TASK DETAILS
Your answer must be an exact transcription of the data, with every picture omitted.

[Short text fragments from websites]
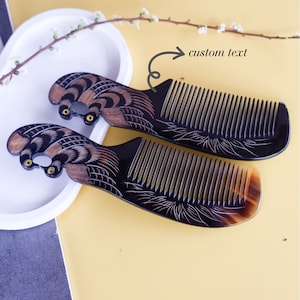 May include: Two decorative combs with detailed bird designs. The combs are black with brown and gold accents, and feature fine teeth for grooming. The handles are carved with detailed bird motifs, adding a touch of elegance to the hair accessories.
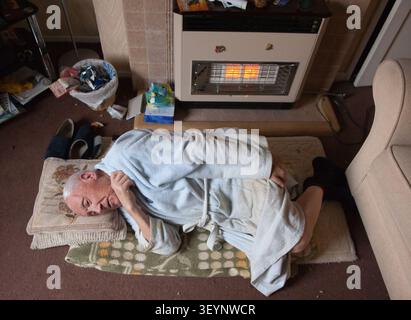 Ein älterer Mann in einem Bademantel liegt auf einem provisorischen Bett auf dem Boden neben einem Gasheizofen, was Kraftstoffarmut und Sozialfürsorge hervorhebt. Stockfoto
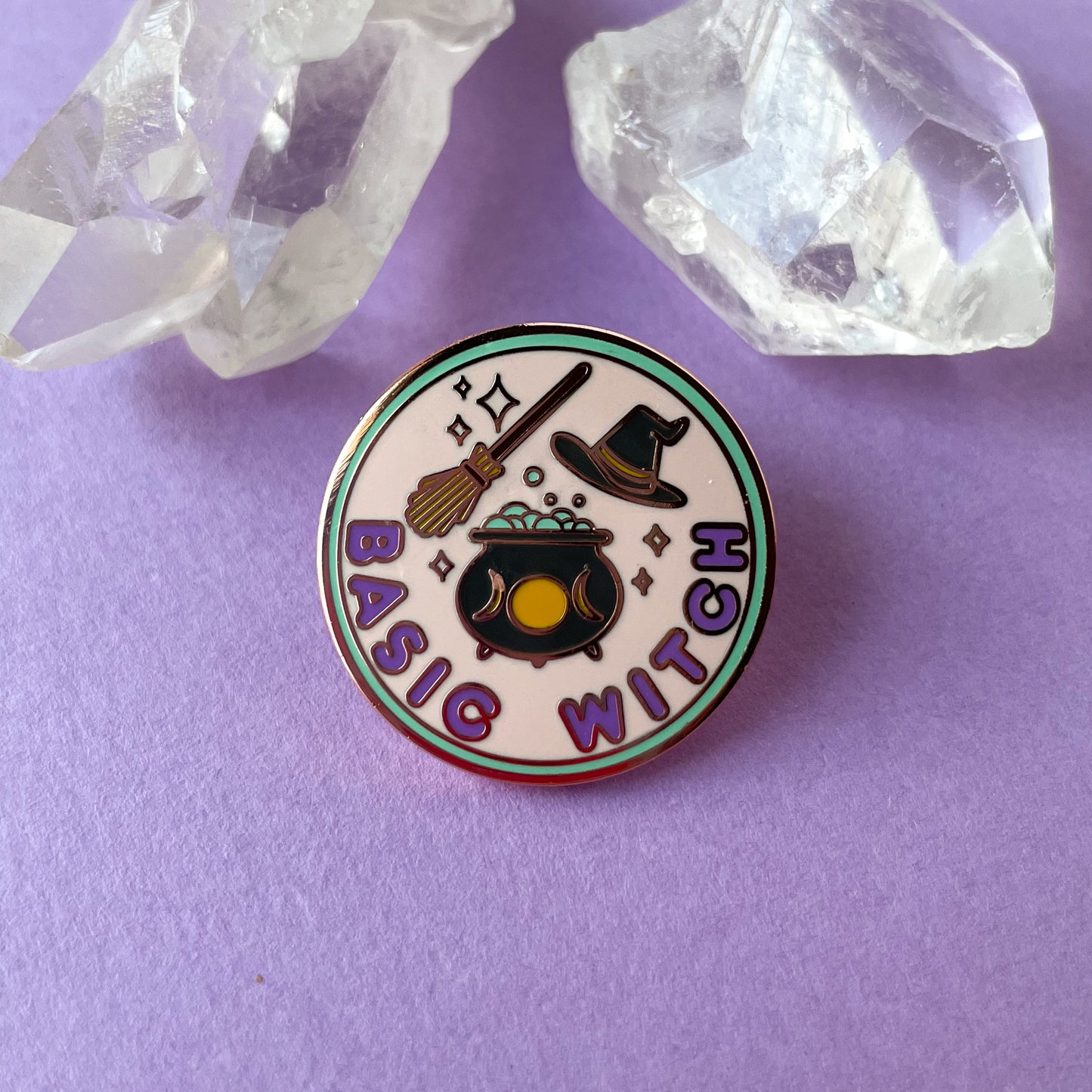A circular hard enamel pin with rose gold metal. There is a mint green border around a pastel pink circle in the background. The bottom of the pin has bubble letters in purple that read "Basic Witch" above this there is a black cauldron with yellow moon phases full of bubbles. There is a broom above this and a black pointed hat to the right of the broom. Sparkles are around all of the objects. This pin is on a purple paper background with some quartz crystals in the background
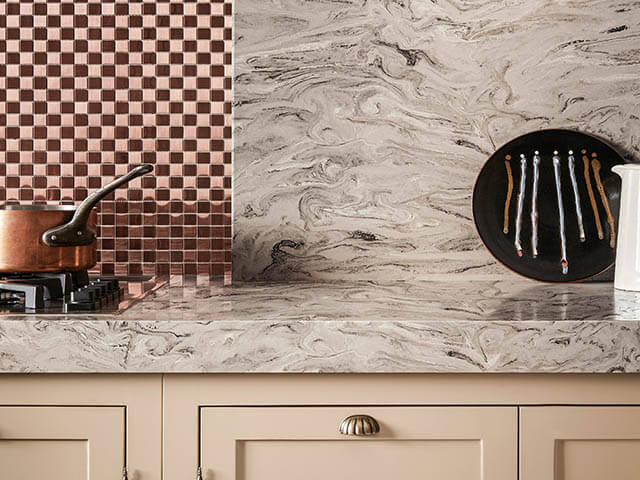 Marble effect composite worktop in kitchen - composite worktops - Corian - goodhomesmagazine.com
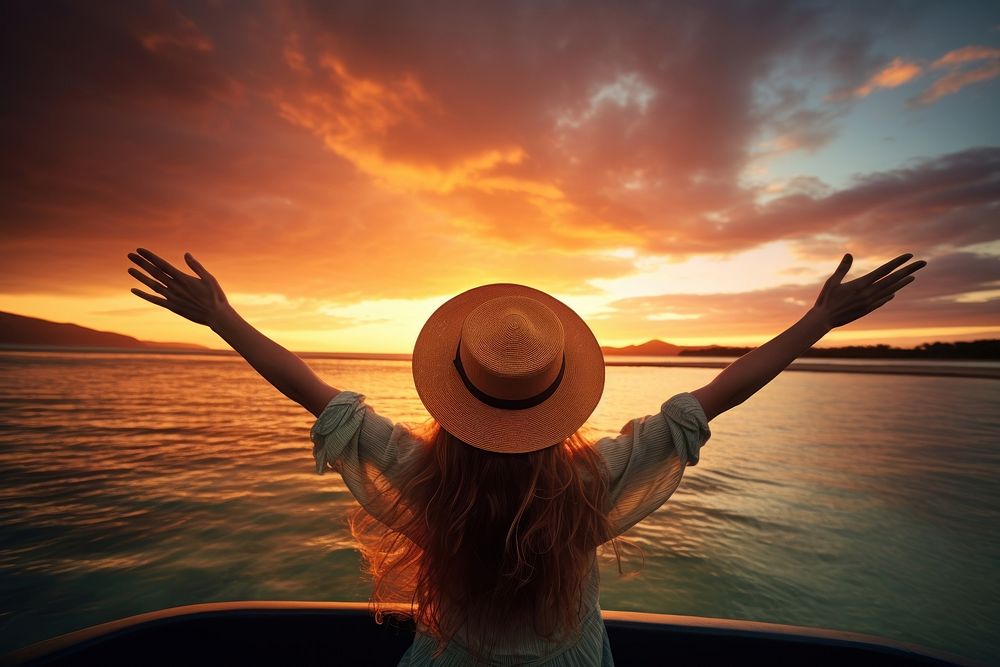 Happy girl wearing a hat with arms up enjoy freedom at the beach at sunset outdoors nature adult. AI generated Image by…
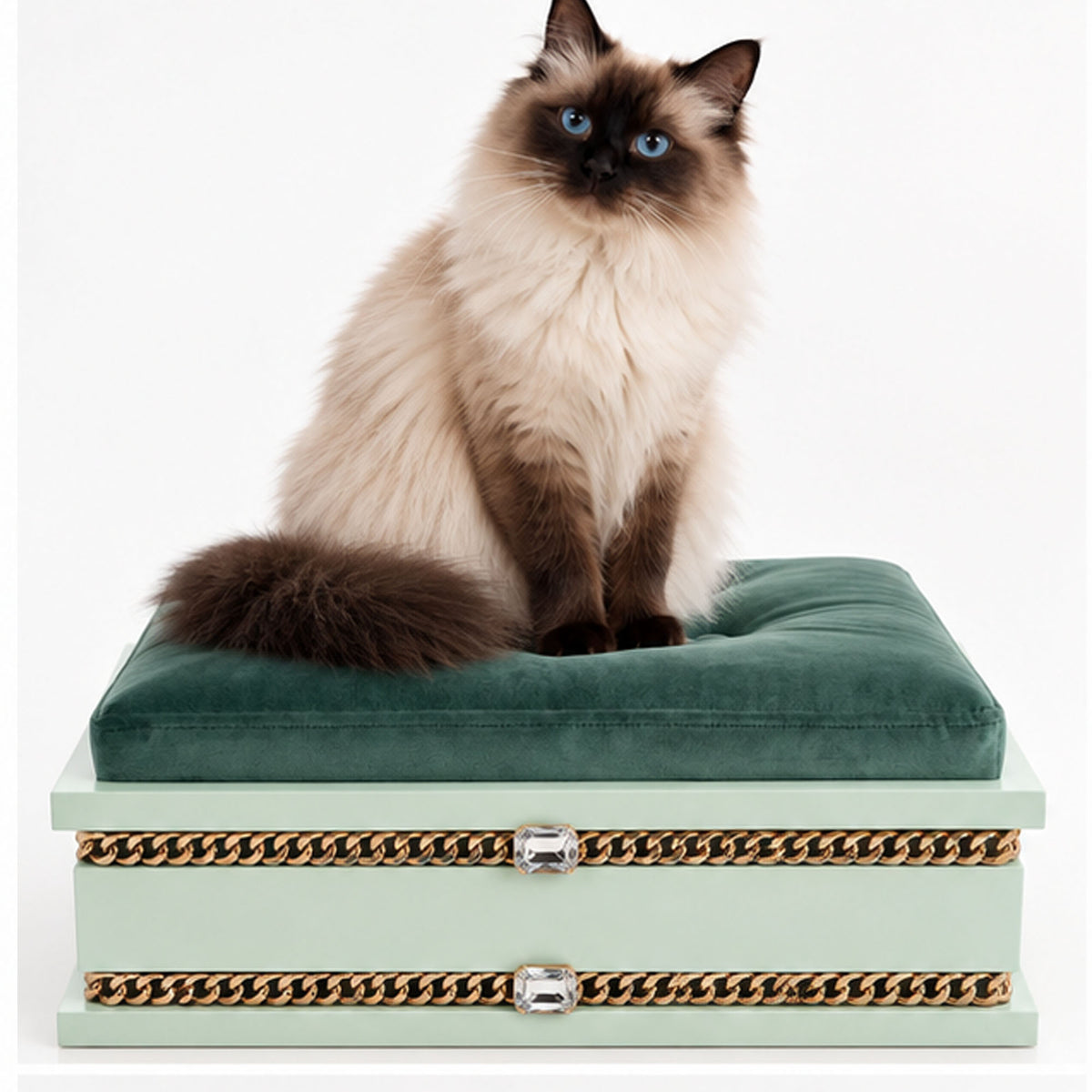 Long-haired Siamese cat sitting on a FUROAR Ivy luxury cat bed with green velvet cushion and gold chain detailing.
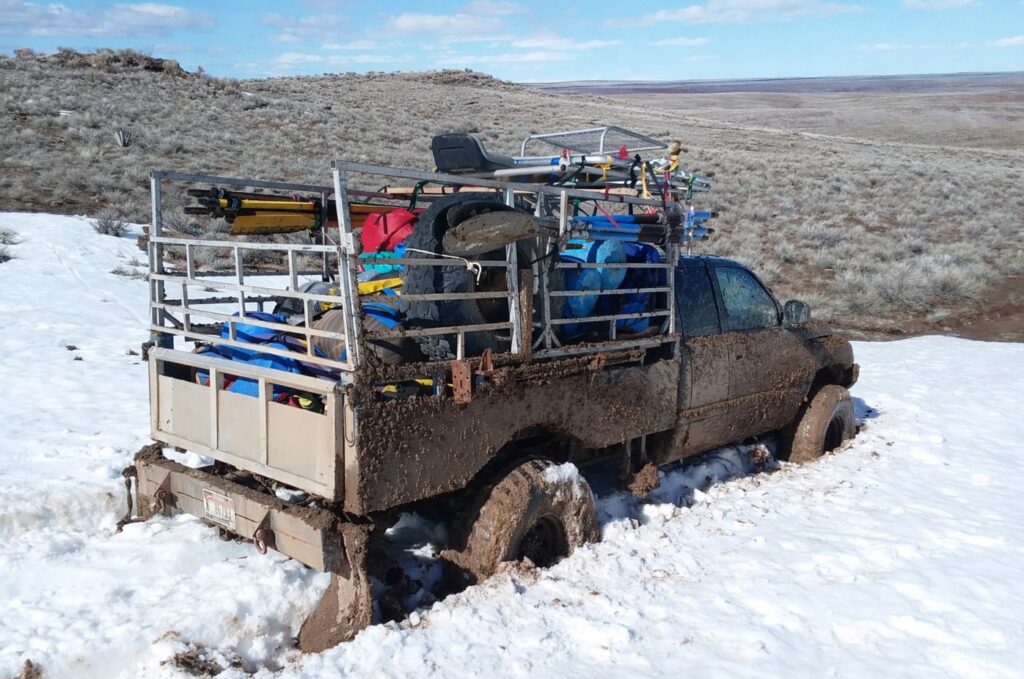 Truck loaded with rafting gear stuck in snow during a remote vehicle shuttle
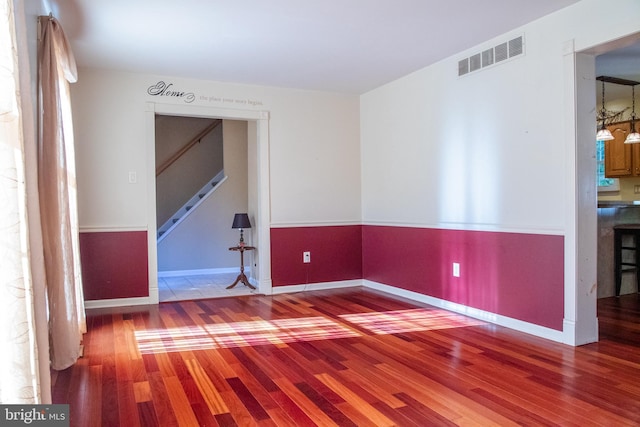 empty room featuring hardwood / wood-style floors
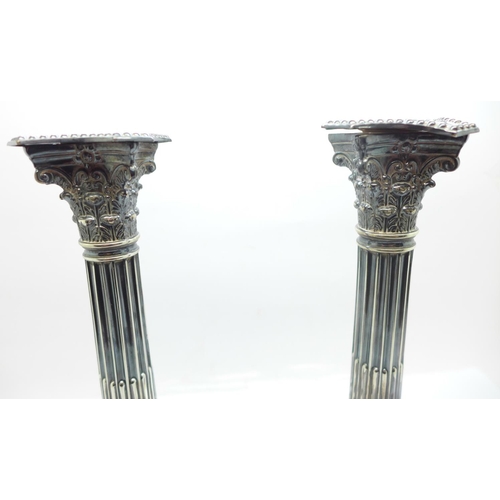 861 - A pair of silver candlesticks of reeded columnar form, with Corinthian tops, each on a square beaded... 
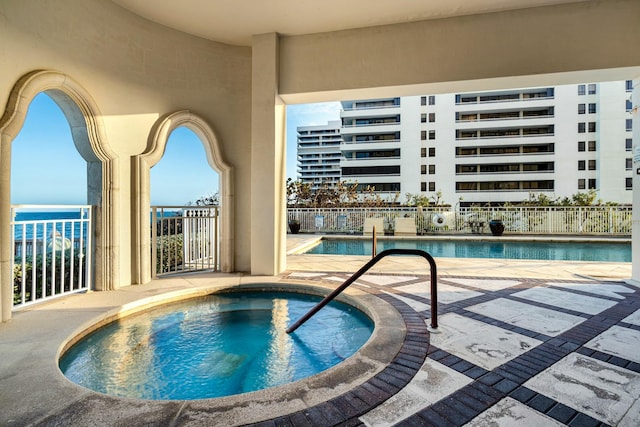 community pool featuring a patio, a community hot tub, and fence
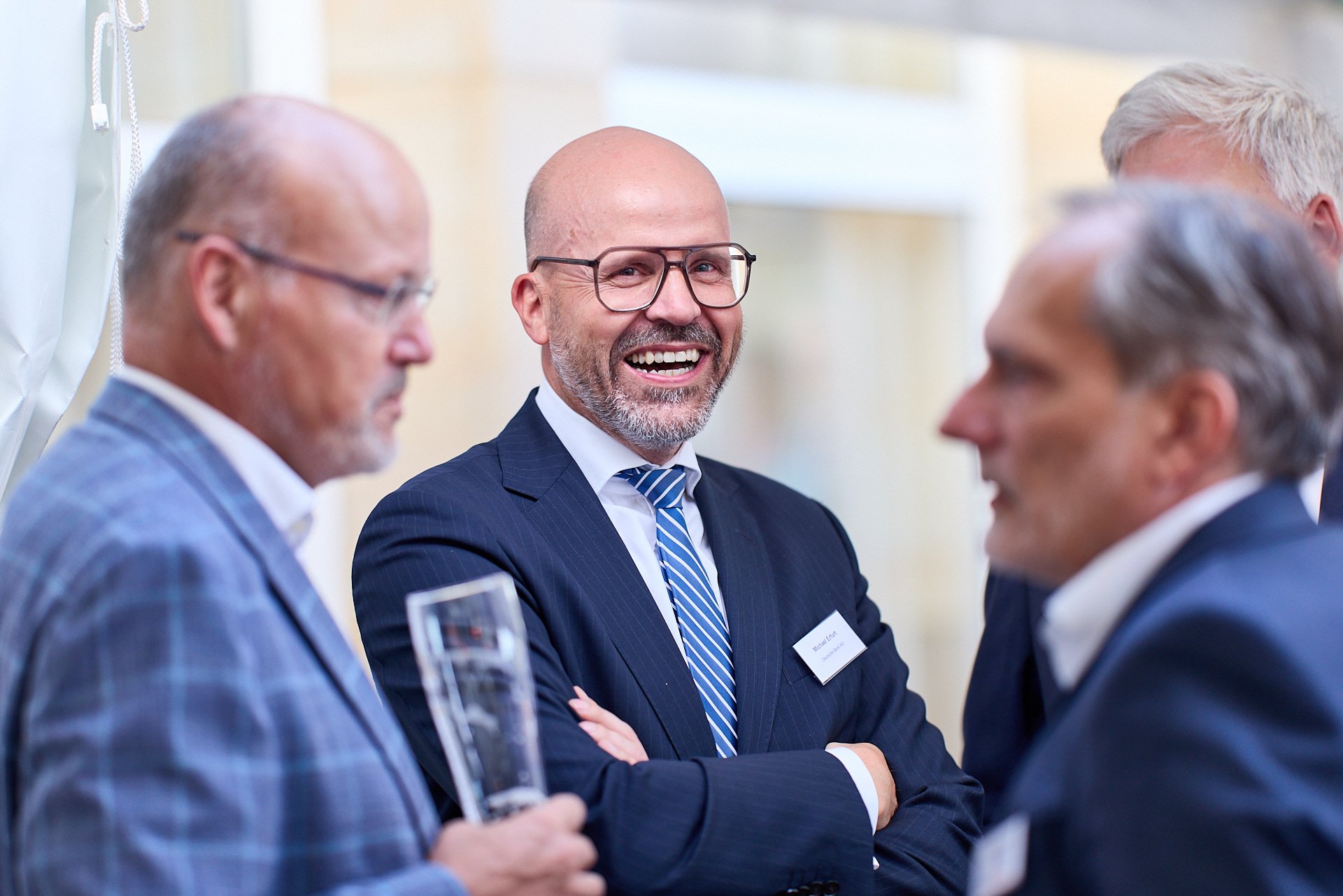 Männer im Businessoutfit im Gespräch bei einer Konferenz, eines lächelt freundlich in die Kamera.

RESPONSE TO THE TASK
 May include: Two decorative combs with detailed bird designs. The combs are black with brown and gold accents, and feature fine teeth for grooming. The handles are carved with detailed bird motifs, adding a touch of elegance to the hair accessories.
 Ein älterer Mann in einem Bademantel liegt auf einem provisorischen Bett auf dem Boden neben einem Gasheizofen, was Kraftstoffarmut und Sozialfürsorge hervorhebt. Stockfoto
A circular hard enamel pin with rose gold metal. There is a mint green border around a pastel pink circle in the background. The bottom of the pin has bubble letters in purple that read "Basic Witch" above this there is a black cauldron with yellow moon phases full of bubbles. There is a broom above this and a black pointed hat to the right of the broom. Sparkles are around all of the objects. This pin is on a purple paper background with some quartz crystals in the background
 Marble effect composite worktop in kitchen - composite worktops - Corian - goodhomesmagazine.com
 Happy girl wearing a hat with arms up enjoy freedom at the beach at sunset outdoors nature adult. AI generated Image by…
 Long-haired Siamese cat sitting on a FUROAR Ivy luxury cat bed with green velvet cushion and gold chain detailing.
 Truck loaded with rafting gear stuck in snow during a remote vehicle shuttle
 empty room featuring hardwood / wood-style floors
 861 - A pair of silver candlesticks of reeded columnar form, with Corinthian tops, each on a square beaded... 
 community pool featuring a patio, a community hot tub, and fence
 Männer im Businessoutfit im Gespräch bei einer Konferenz, eines lächelt freundlich in die Kamera.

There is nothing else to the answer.